部分算法回顾

Intorduction to algorithms in 2018Fall

Posted by Fernando on January 4, 2019

Algorithm_review

15. NP & NPC

  • A reduces to B
    • A $\leq_P$ B: A is equally or less difficult than B
    • Let X and Y be the set of ‘yes’ instances for A and B. A reduces to B if there exists $f: A\rightarrow B$ , s.t. for all instances $x \in A$, $x \in X \Leftrightarrow f(x) \in Y$.

16-17. NPC & Reductions

  • CLIQUE: given a graph with n nodes, is there a clique with n/3 nodes?

    • 3-CNF-SAT $\leq_P$ CLIQUE
  • SUBSET-SUM: given a set of numbers $ S = {a_1,…,a_n} $ and a target value $t$, and we want to find a subset $ S’\subseteq S$ summing to $t$.

  • 3-CNF-SAT $\leq_P$ SUBSET-SUM
  • HAM-CYCLE: given an undirected graph G = (V, E), does there exist a simple cycle $\Gamma$ that contains every node in V.

    • 3-CNF-SAT $\leq_P$ DIR-HAM-CYCLE
  • TSP: given a set of n cities and a pairwise distance function d(u, v), is there a tour of length ≤ D?

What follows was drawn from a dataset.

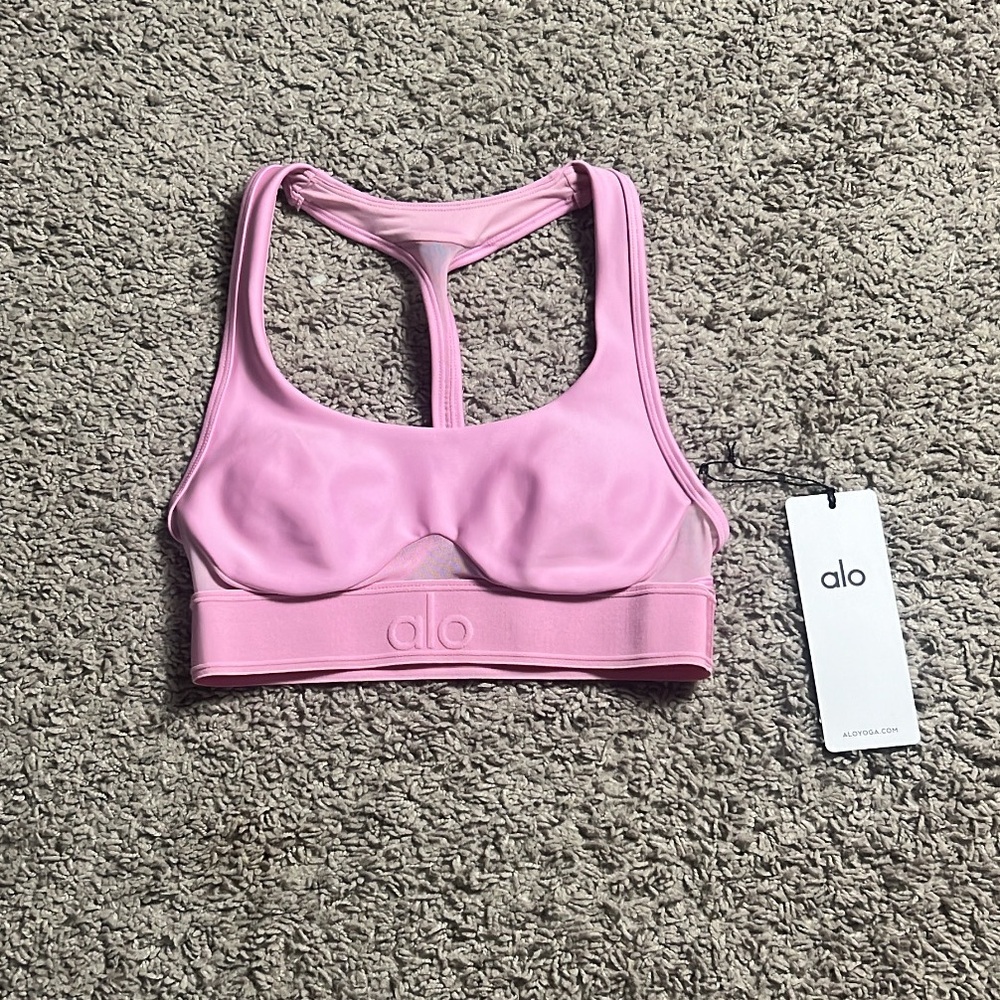 Alo candy heart pink airlift rebel bra size XXS NWT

    • HAM-CYCLE $\leq_P$ TSP

18. Lower bounds

  • Merging two lists: How many comparisons needed to merge two lists of size n into sorted order ?

    • If two sorted lists, an upper bound is 2n-1comparisons
    • For any two lists, the lower bound is 2n-1comparisons
  • Finding the max: How many comparisons to find the largest number in an unsorted array of n distinct numbers?

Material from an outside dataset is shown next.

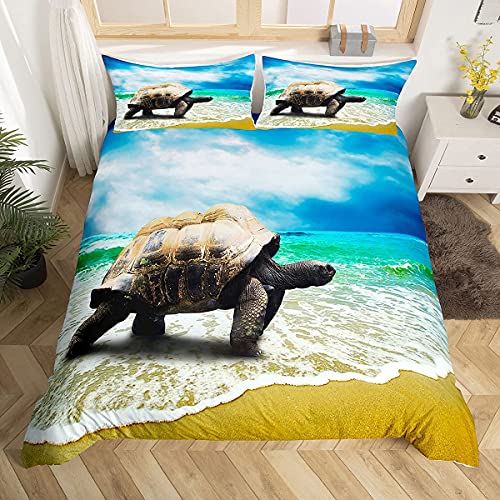 Loussiesd Sea Turtle Duvet Cover Set For Kids Child Boys Bedroom Gift 3D Reptile Printed Comforter Cover Ocean Marine Themed Bedding Set Sethawaiian Summer Tortoise Design Decor 2 Pcs Single Size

    • upper bound is n-1 comparisons
    • lower bound is n-1comparisons
      • show that $w_k+b_k \geq n-k$, by induction
      • show that as long as $w_k+b_k > 1$, algo would not terminate. (Either $w_k > 1$ or $b_k > 1$)
      • algo terminates when $w_k+b_k = 1$
  • Finding the max and min.

    • upper bound is 3n/2-2 comparisons
      • compare each 2 elem in pairs (n/2 cp.), split into two arrays, Big and Small, both of size $n/2$
      • get max from Big(n/2-1 cp.), get min from Small(n/2-1 cp.)
    • lower bound is 3n/2-2 comparisons
      • WBR-method
  • Sorting n numbers: How many comparisons are needed to sort n numbers?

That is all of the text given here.